Luis Labarga salió el pasado sábado de una fiesta navideña que había celebrado con sus amigos en un bar cercano al estadio Santiago Bernabéu cuando al ir a recoger su coche se lo encontró calcinado, su sorpresa fue mayor cuando dos días más tarde, al ir a recoger el coche con la grúa, encontró que había sido multado por mal estacionamiento.

Se puso en contacto con varios desguaces, "algunos directamente no querían coger el coche"

Después de poner la denuncia en la comisaría, Luis intentó el lunes mover el automóvil, pero el seguro no se hacia cargo de él al estar a terceros.

Por este motivo, se puso en contacto con varios desguaces, "algunos directamente no querían coger el coche" y decidió hablar directamente con la Dirección General de Tráfico, aunque aún no había podido "hablar con nadie".  Finalmente, logró gracias a un taxista la dirección de los desguaces 'La Torre' donde le cogieron el vehículo.

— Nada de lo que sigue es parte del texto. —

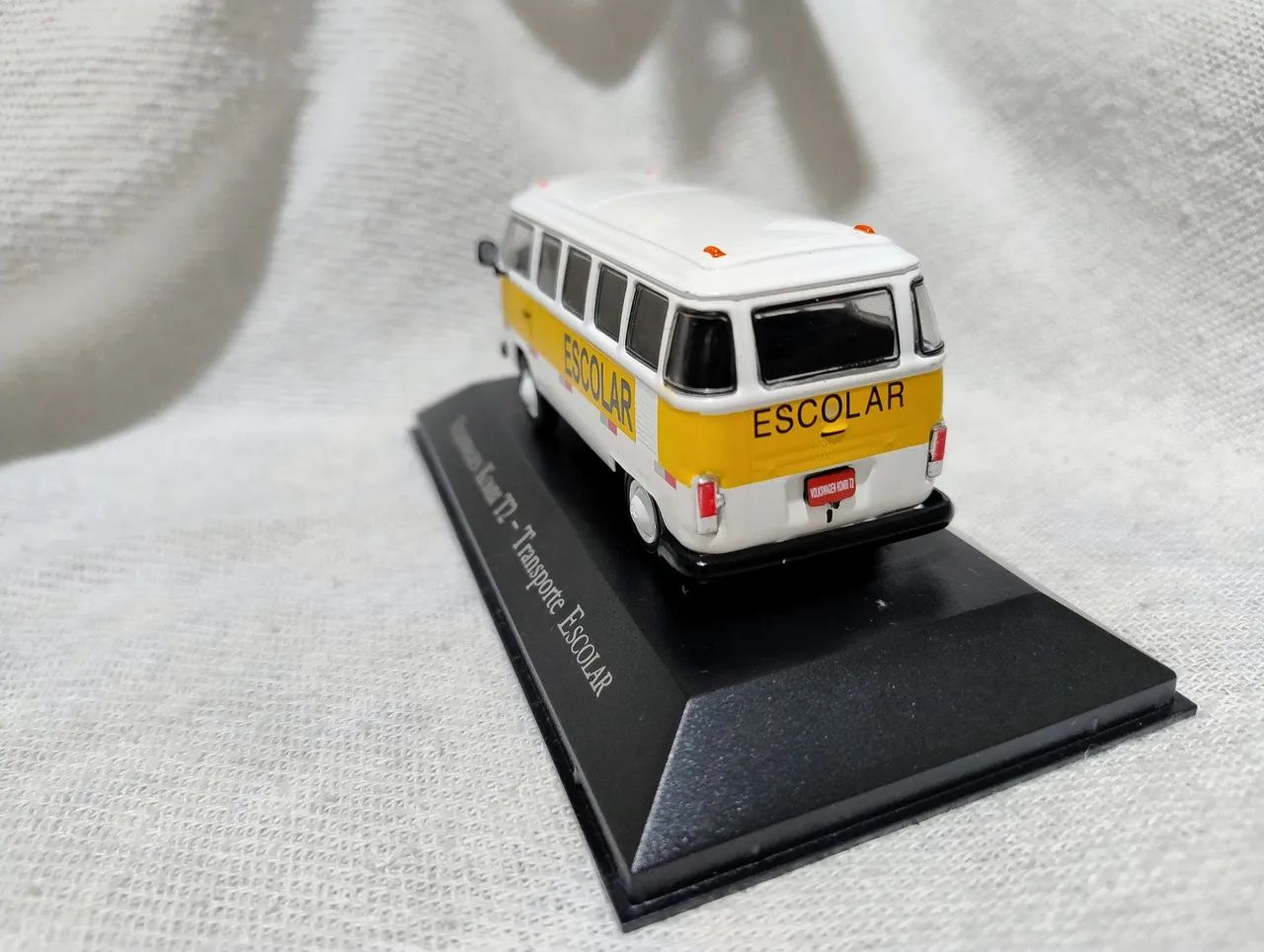 Miniatura Kombi escolar anos 80 - Foto 3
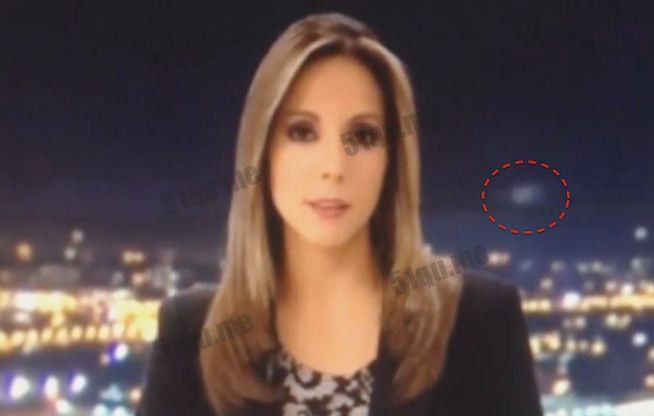 南美哥伦比亚电视新闻播报中出现UFO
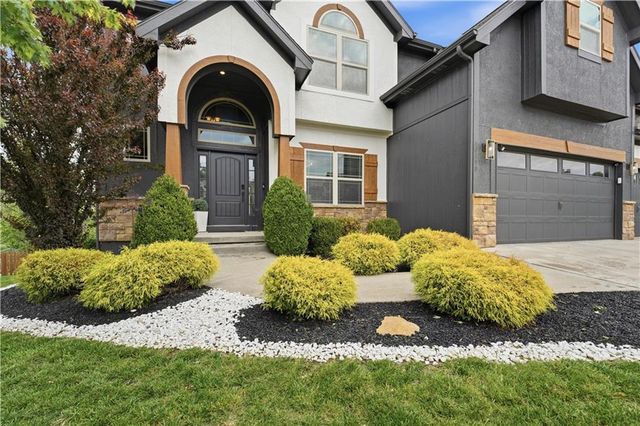 10110 NE 103rd Street, Kansas City, MO 64157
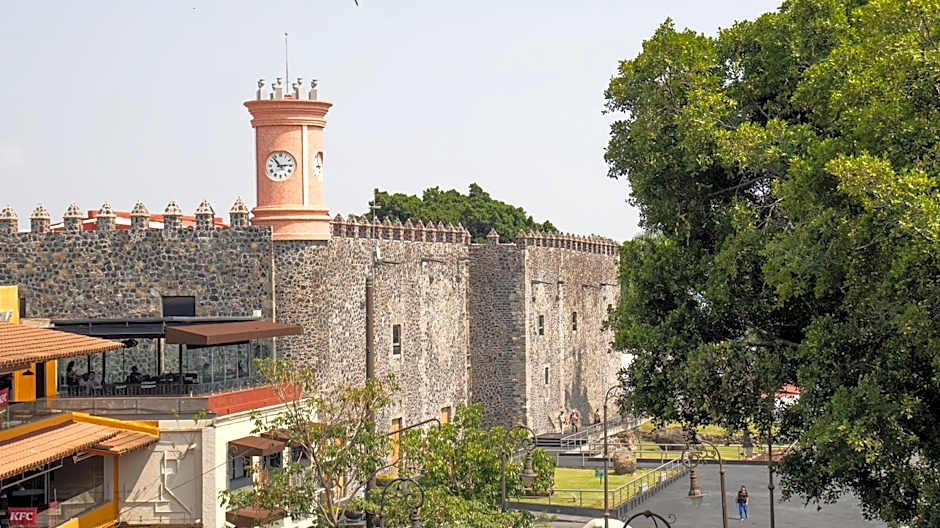 Suites Las Plazas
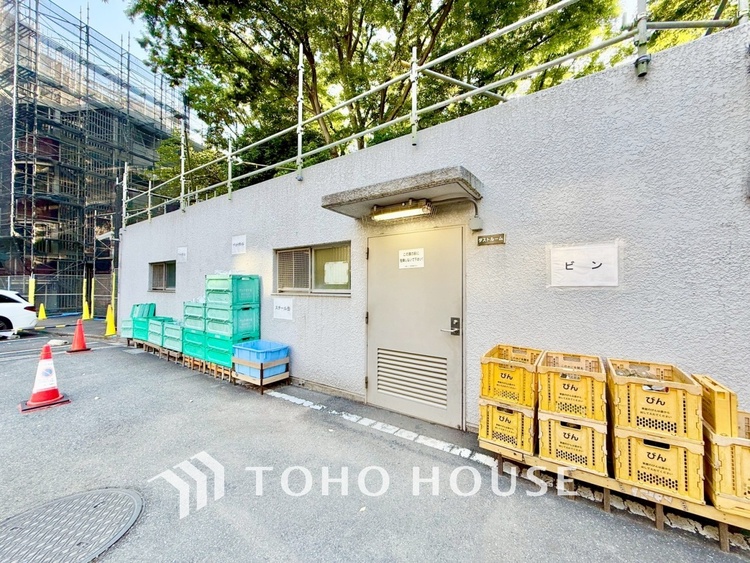 内装 ◆今宵の食卓◆ダウンライトに反射するグラスを眺めながらワインを注ぐ。トクトクと心地いい音をさせながら、フランスの古城を思わせる薫りがたちこめ、とても幸せな時を過ごせる。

"Hojita de infinita blancura"

Pero la sorpresa final llegó el martes en la calle Concha Espina cuando Luis quedó con la grúa para retirar el vehículo y comprobó que para su asombro, "había una multa de tráfico de estacionamiento regulado, porque lógicamente estaba mal aparcado".

"Te queman el coche y nadie te hace caso y antes de que llegue la grúa te encuentras una hojita de infinita blancura entre los escombros negros del coche. Yo creo que llevar la responsabilidad de la ley hasta ese extremo es casi de vergüenza, para echarse a reír", concluyó.